Crypto news

02.07.2026
08:57

Market Analysis: Key Factors in Cryptocurrency Account Funding and Their Impact on Liquidity

In recent days, there has been a steady trend of increasing deposit volumes on major centralized exchanges. This signals the return of retail and institutional investors, who appear to be preparing for an active phase of trading.

The average deposit size has grown by 12% compared to the previous week, indicating confidence among large players in the current market conditions. Particularly notable is the inflow of funds in stablecoins — USDT and USDC — which traditionally precedes increased volatility in altcoins.

Analyzing on-chain data, we see that most deposits come from cold wallets rather than exchange addresses. This suggests that long-term holders are gradually unlocking their assets, either taking profits or preparing for new entries into positions.

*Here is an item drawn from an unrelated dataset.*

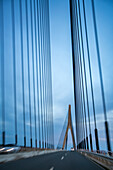 Blurred view of the Guadiana International Bridge connecting Spain and Portugal, captured from a moving car.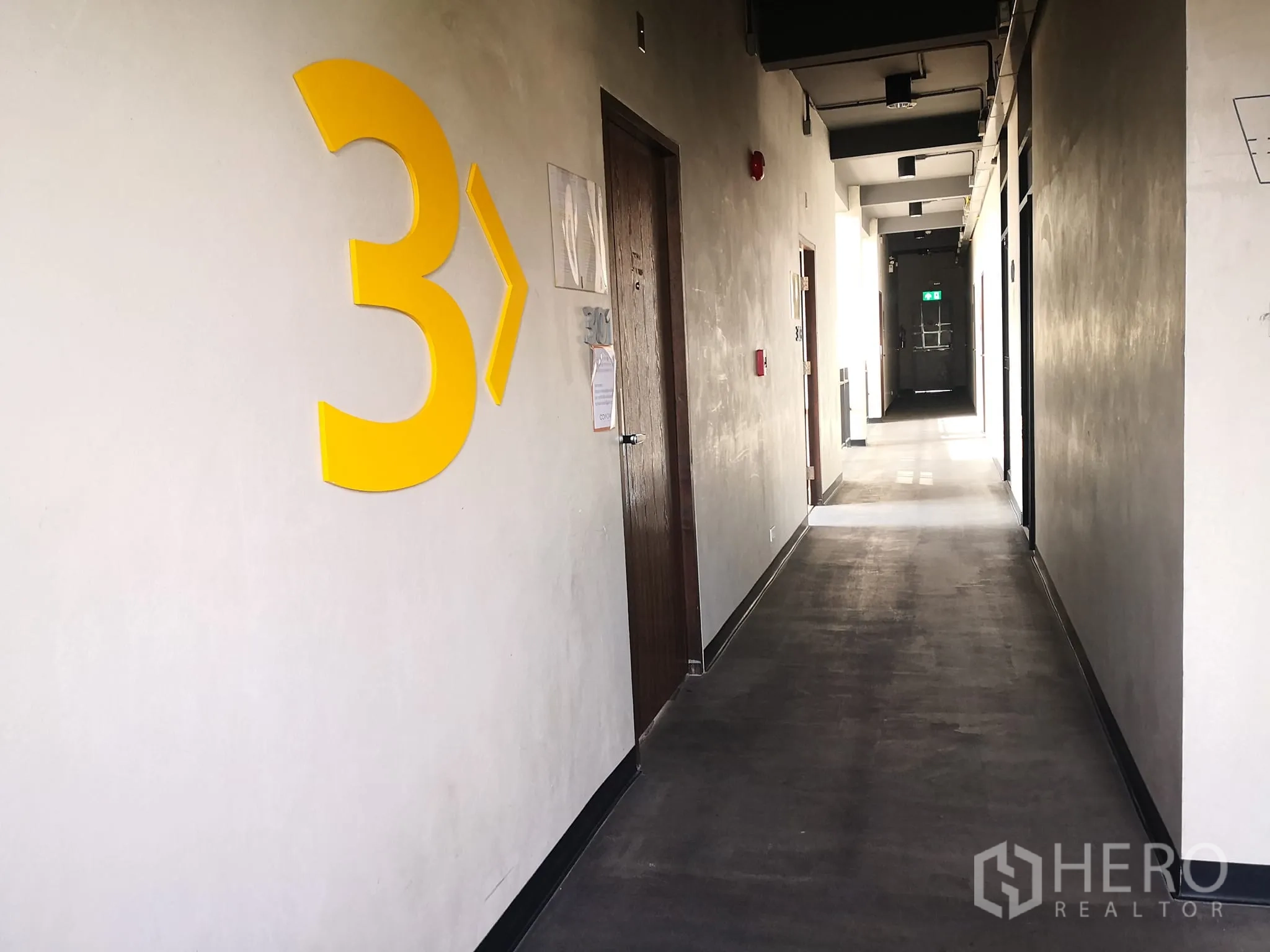 สำนักงาน ให้เช่าในPhra Khanong, Bangkok - โถงทางเดินชั้น 3 ผนังปูนเปลือย มีเลขสีเหลืองขนาดใหญ่และประตูห้อง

Technical Perspective on Liquidity

Depositing funds directly increases the depth of the order book, reducing slippage in large trades. For traders, this means more efficient order execution and smaller losses on spreads. However, an excessive inflow of liquidity can create a false sense of stability — it is important to monitor the ratio of deposit and withdrawal volumes.

My professional conclusion: the current deposit dynamics are positive, but without a clear catalyst (such as ETF approval or a significant halving), this inflow could quickly dry up. I recommend paying attention to the Exchange Inflow Volume metric — if it exceeds the daily average by 30% for three consecutive days, it would be a bearish signal, indicating possible profit-taking.